HOT MESS // Spare Yourself the Spare Change.

Marie Kondo has a rule about coins: they belong in your wallet.

Not a jar, not a bowl, not a piggy bank. Your wallet, exclusively.

I resisted this at first because I liked the thrill of dumping a huge jar into a Coinstar machine, eagerly awaiting the total. It felt like I was getting free money, because a coin or two seemed worthless but by amassing hundreds of these little metal disks I could get triple digit dollars!

But sure enough, I’ve come around to the Konmari view of coins. Here’s why:
 

  1. Storing coins somewhere in my home means I have to store coins somewhere in my home. I need to have a container, and that container needs to live somewhere, either in prime real estate that should be dedicated to something else or, heaven forbid, on a surface.

  2. Schlepping coins to a Coinstar feels like a chore. The jar is heavy, the machine takes a while, and I find I always have to re-feed perfectly good legal coins into it after they’ve been initially rejected. Plus, if someone is waiting behind me I’m filled with the same anxiety that befalls me when I'm trying to parallel park in front of a line of cars. I’d rather spend that time looking at the houseplants on offer. (But not buying any, because houseplants are currently on my NOPping list.)

  3. Coinstar takes a cut unless you redeem your coins in the form of a gift card. But the only option for a gift card is currently Amazon, which I’m trying to avoid in favor of supporting local and independently owned businesses. (For what it’s worth, Coinstar also allows you to donate money to several charities)

  4. Coins are not free money. Treating them like they just fell from the sky leads me to spend irrationally. Coinstar and retailers that install the machines bank on this. From the Coinstar website: “Research shows consumers make special trips to visit retailers with a self-service coin-counting solution, and 79% of consumers who cash in a Coinstar voucher spend more than half the cash they received on in-store purchases.” How many of those in-store purchases were impulse buys not on the Shopping List?  I shouldn’t go spend “Coinstar cash” on some fancy gelato and “cash cash” on ingredients for actual meals. In reality, coins are just fractions of dollars that I’ve worked hard to earn. I should value them as such, budget them as such, spend, save, and invest them as such, and store them with my other money.
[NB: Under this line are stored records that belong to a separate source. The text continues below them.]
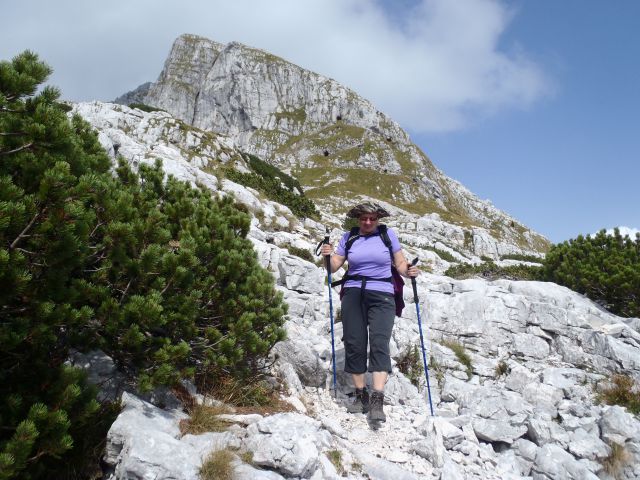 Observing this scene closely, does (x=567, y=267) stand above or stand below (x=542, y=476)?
above

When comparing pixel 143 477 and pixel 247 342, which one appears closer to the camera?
pixel 143 477

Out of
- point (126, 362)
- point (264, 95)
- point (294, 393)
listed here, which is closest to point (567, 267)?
point (294, 393)

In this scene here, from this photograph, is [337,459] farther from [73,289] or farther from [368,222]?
[368,222]

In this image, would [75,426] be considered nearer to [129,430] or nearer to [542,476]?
[129,430]

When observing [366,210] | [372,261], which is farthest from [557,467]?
[366,210]

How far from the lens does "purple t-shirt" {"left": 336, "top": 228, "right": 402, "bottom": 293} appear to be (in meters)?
6.34

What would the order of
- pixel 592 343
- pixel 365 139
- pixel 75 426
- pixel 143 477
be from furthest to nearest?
pixel 365 139
pixel 592 343
pixel 75 426
pixel 143 477

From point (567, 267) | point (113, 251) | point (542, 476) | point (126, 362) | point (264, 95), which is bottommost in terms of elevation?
point (542, 476)

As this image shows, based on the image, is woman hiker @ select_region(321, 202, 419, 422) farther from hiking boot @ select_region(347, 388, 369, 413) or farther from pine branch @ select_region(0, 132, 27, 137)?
pine branch @ select_region(0, 132, 27, 137)

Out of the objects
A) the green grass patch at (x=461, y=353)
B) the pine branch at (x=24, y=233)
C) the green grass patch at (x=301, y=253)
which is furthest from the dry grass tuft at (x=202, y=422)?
the green grass patch at (x=301, y=253)

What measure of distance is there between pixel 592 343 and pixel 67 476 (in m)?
11.2

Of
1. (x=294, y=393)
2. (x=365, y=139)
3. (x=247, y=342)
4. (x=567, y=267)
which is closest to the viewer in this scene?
(x=247, y=342)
So, coins live in my wallet now. I budget them like I do my other real money, using my cash account set up in YNAB. I leave handfuls of them in tip jars. I overfeed parking meters so I feel less rushed having a meal at a restaurant or running errands. I spend them at independent stores whenever possible. I basically try to align my coin spending with my values the same way I try to align my cash or card spending with my values, because any distinction only ever existed in my perception. (And because handing over exact change feels so satisfying.)

If you have a container collecting coins (and dust) in your home, head to the Coinstar machine one last time, let Coinstar take their cut for their services, cash out, and head to a local and independent boutique to pick up a lovely wallet with a zippered coin pouch. (Or if you already have a great wallet, use it to pay your water bill.)

Then recycle the coin container for good.